There are several kinds of data.
First, there is fundamental data (something directly and intentionally measured, like a list of stock investments or an image file on a camera). Second, there are facets or features of the fundamental data, often known as metadata (data about data). This might record, for example, the purchase price of one of the stocks or the date the camera took the photo.
Some secondary datasets may come from 'data exhaust'—something a digital system records or logs without a specific intent in mind.
Monetized datasets can provide either or both types of data. For example, a video stream of a security camera could be considered fundamental data, and logs of web traffic might be secondary data or metadata. What makes them data exhaust is that they are automatically collected, often for unknown future purposes.
Whether fundamental or secondary, these datasets may be monetized as raw, unprocessed data, without structure or labeling, or it might be aggregated and/or processed into a larger, more 'packaged' dataset.

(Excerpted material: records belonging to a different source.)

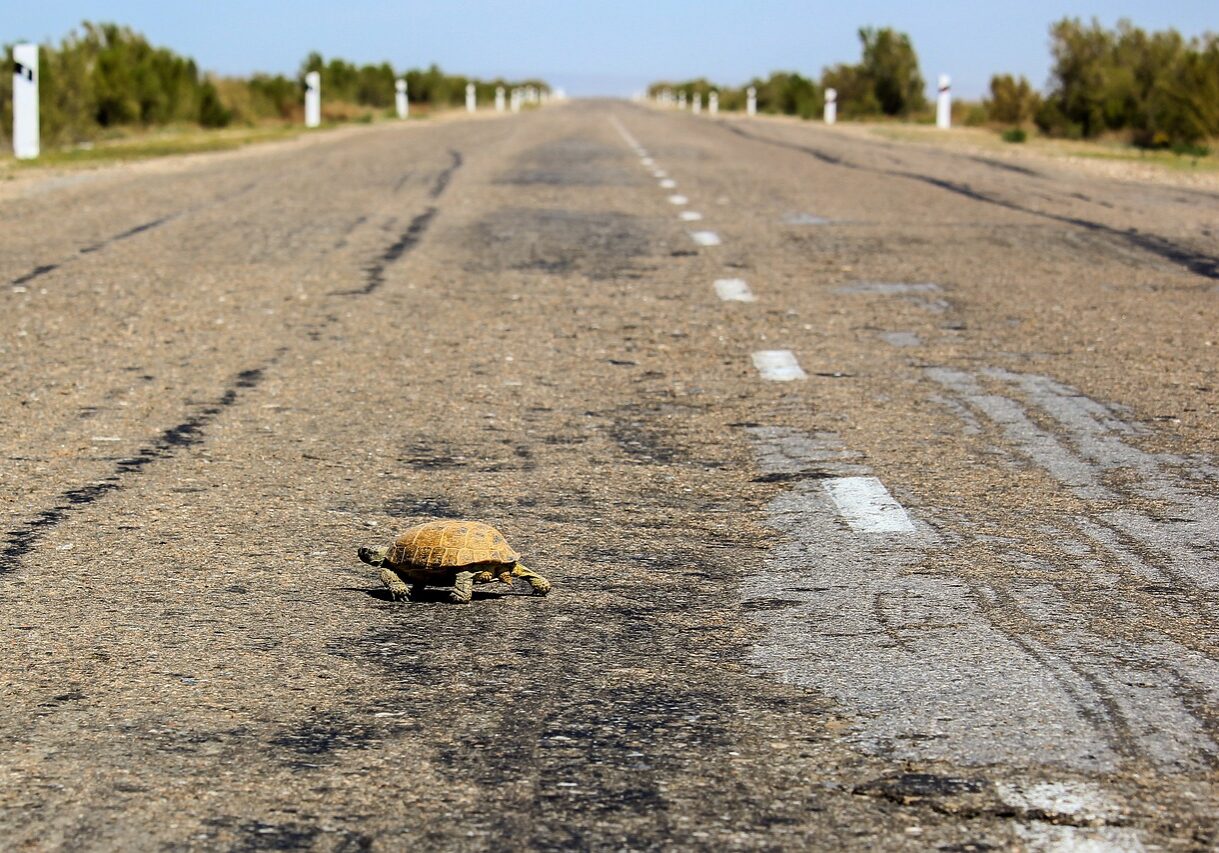 turtle-g4066077fe_1280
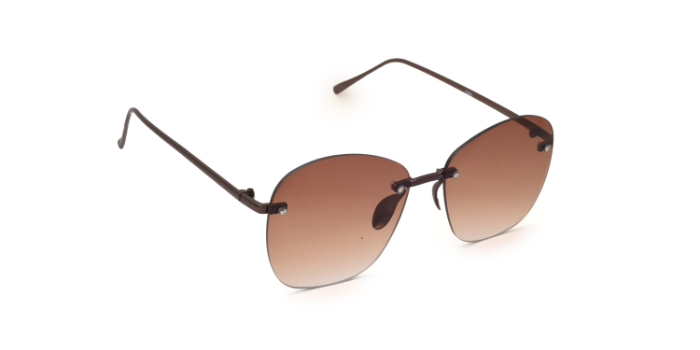  Brown Tinted Wayfarer Sunglases for Women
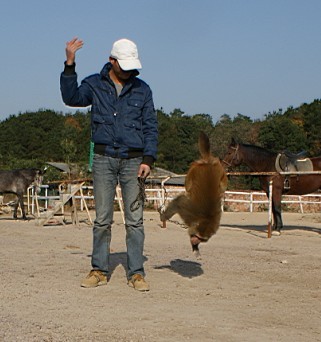 中国浙江马友新联盟的猴子多牛呀！会骑马，会翻跟斗！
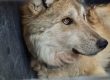 ¿Luz verde a la caza de lobos? Trump plantea reducir la protección del lobo gris y mexicano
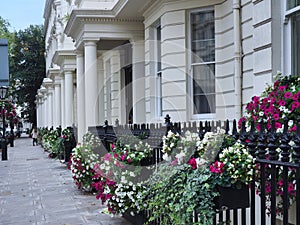 London, row of elegant townhouses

For more information, read the first three modules of the Data Supply Chain (Acquire, Store, and Aggregate).
Sometimes datasets are distinguished by the terms 'traditional data' and 'alternative data' - a division often discussed in financial services. There, and in parallel industries, traditional data means measurements that directly describe fundamental things about an asset or other item of interest. These tend to be absolute and past-based.
Sometimes an alternative dataset can be used to infer something about a ‘traditional’ dataset. Parallel or secondary data can build on traditional data to infer additional detail or provide predictions.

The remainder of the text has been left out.